Vaccine efficacy drops with Delta. That is indisputable,” says Leif Erik Sander, an infectious disease expert at the Charité University Hospital in Berlin. But exactly how much it drops differs across studies. In a report this week analyzing weekly reports on nursing home residents across the United States, researchers found that the messenger RNA (mRNA) vaccines made by Pfizer and Moderna had an efficacy against all infections that went from 75% pre-Delta to 53% after it took over. The Delta variant accounts for more than 90% of U.S. cases now.
A large study from the United Kingdom, posted as a preprint yesterday, used the Office for National Statistics COVID-19 Infection Survey, which regularly tests more than 300,000 randomly selected people across the United Kingdom. The study compared the numbers of fully vaccinated and unvaccinated survey participants who tested positive for SARS-CoV-2 during two time periods: December 2020 until 16 May, when the Alpha variant dominated, and 17 May to 1 August, when Delta was dominant. The researchers found that for the two main vaccines in use in the United Kingdom—the Pfizer mRNA vaccine and the adenovirus-based shot developed by the University of Oxford and AstraZeneca—protection against symptomatic infection decreased significantly for the Delta period, to 84% for Pfizer and 71% for AstraZeneca. They also found, consistent with other studies, that compared with breakthrough cases due to the Alpha variant, people with Delta breakthroughs had, on average, much higher viral loads in the nose or throat, suggesting they are more likely to spread the virus to others.
A large study of patient health records in New York released this week told a similar story: The efficacy of the three U.S.-authorized vaccines against all SARS-CoV-2 infections dropped from 91.7% to 79.8% between May and July, as Delta took over in the region.
Although there is still some debate, lab tests suggest the Delta variant is not particularly good at evading the antibodies produced by vaccines or previous infection.
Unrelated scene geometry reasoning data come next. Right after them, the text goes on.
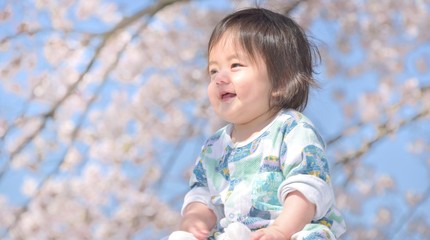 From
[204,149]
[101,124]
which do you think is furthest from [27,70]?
[204,149]

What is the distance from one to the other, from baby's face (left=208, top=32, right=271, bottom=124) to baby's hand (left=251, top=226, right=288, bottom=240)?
0.39 m

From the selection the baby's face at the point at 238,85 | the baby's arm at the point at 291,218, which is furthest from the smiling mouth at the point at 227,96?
the baby's arm at the point at 291,218

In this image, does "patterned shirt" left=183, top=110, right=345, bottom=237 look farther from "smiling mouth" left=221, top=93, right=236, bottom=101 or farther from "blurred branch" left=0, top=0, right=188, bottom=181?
"blurred branch" left=0, top=0, right=188, bottom=181

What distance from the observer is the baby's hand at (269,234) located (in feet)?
6.51

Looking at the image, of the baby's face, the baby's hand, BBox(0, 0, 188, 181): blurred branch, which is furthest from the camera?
BBox(0, 0, 188, 181): blurred branch

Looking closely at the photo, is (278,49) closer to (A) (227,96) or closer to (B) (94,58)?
(A) (227,96)

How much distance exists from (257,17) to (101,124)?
319cm

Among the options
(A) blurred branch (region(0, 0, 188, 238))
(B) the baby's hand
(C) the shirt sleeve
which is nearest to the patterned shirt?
(C) the shirt sleeve

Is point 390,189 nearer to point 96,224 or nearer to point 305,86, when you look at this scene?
point 96,224

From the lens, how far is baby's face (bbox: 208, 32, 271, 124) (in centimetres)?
225

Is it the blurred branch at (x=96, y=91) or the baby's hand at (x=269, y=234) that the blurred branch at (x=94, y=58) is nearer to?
the blurred branch at (x=96, y=91)

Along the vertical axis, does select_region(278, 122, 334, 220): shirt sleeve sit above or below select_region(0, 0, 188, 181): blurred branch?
below

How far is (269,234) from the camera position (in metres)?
2.00

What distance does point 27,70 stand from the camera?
17.5 feet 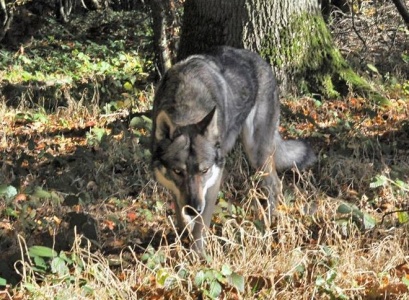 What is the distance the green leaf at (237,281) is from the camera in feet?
14.2

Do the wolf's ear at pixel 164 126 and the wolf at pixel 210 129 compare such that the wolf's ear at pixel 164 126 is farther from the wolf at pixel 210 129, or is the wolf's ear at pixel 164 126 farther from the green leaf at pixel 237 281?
the green leaf at pixel 237 281

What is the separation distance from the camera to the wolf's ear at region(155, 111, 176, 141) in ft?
17.3

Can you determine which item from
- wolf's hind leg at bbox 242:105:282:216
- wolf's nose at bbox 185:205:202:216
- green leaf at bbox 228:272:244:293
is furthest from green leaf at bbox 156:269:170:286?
wolf's hind leg at bbox 242:105:282:216

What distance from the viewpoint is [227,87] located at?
6309mm

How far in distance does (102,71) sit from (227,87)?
28.9 ft

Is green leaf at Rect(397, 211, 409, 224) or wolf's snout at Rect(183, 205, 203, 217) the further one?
green leaf at Rect(397, 211, 409, 224)

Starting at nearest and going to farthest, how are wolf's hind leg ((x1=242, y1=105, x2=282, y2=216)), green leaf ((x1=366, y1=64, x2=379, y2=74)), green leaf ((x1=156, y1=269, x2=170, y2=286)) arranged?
1. green leaf ((x1=156, y1=269, x2=170, y2=286))
2. wolf's hind leg ((x1=242, y1=105, x2=282, y2=216))
3. green leaf ((x1=366, y1=64, x2=379, y2=74))

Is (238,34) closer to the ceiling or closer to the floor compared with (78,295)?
closer to the ceiling

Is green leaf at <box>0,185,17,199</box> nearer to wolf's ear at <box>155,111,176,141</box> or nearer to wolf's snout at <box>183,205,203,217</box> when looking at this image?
wolf's ear at <box>155,111,176,141</box>

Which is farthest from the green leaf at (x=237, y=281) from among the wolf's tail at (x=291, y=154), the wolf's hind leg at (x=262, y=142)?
the wolf's tail at (x=291, y=154)

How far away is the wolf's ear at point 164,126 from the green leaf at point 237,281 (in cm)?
138

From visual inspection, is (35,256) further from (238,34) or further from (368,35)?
(368,35)

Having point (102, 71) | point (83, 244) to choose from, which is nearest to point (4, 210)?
point (83, 244)

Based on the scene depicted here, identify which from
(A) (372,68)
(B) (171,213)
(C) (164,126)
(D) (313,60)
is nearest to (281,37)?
(D) (313,60) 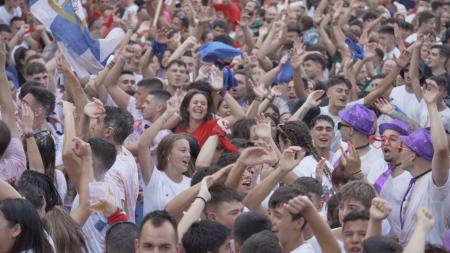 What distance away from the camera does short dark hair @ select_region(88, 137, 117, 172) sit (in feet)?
27.9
That leaves two more probable explanations for the rise in breakthrough cases: Delta’s ferocious infectiousness or a gradual waning in vaccine-induced immunity. The U.S. nursing home residents who were studied are older and frail, and their response to the vaccine might drop faster than other populations. They were also among the first to get the vaccine—some back in December 2020.
The U.K. study attempted to resolve this issue by focusing on the time period after Delta became dominant and comparing the infection rate with the time since a person received their second vaccine dose. The research team found that breakthroughs did increase slightly with more time. People who received the Oxford-AstraZeneca vaccine had 68% protection against infection 2 weeks after their second shot, and 61% after 90 days. The drop-off was sharper in those who received the Pfizer mRNA vaccine: Fourteen days after the second dose, it seemed to provide 85% protection against all Delta infections, symptomatic or not, but that fell to 75% after 90 days.
“It could be that Pfizer’s protection drops from its initially very high levels and then stabilizes, or it could be that people who have had two doses of Pfizer will need a third,” says Sarah Walker, an epidemiologist at Oxford who led the U.K. study. In Israel, which used only the Pfizer vaccines, researchers also found that people fully immunized in January had twice the risk of being infected with SARS-CoV-2 during June and July as people who were vaccinated in April.